== WHAT YOU NEED TO DO ==
If a line in the records below contains the word "look", copy it out.
START SOURCE MATERIAL
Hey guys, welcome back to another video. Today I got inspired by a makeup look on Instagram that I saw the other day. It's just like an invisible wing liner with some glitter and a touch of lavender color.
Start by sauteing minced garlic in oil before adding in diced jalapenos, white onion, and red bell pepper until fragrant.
END SOURCE MATERIAL
START SOURCE MATERIAL
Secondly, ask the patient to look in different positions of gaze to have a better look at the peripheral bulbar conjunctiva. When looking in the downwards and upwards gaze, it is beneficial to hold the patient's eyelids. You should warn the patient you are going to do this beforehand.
END SOURCE MATERIAL
== YOUR RESPONSE ==
Hey guys, welcome back to another video. Today I got inspired by a makeup look on Instagram that I saw the other day. It's just like an invisible wing liner with some glitter and a touch of lavender color.
Secondly, ask the patient to look in different positions of gaze to have a better look at the peripheral bulbar conjunctiva. When looking in the downwards and upwards gaze, it is beneficial to hold the patient's eyelids. You should warn the patient you are going to do this beforehand.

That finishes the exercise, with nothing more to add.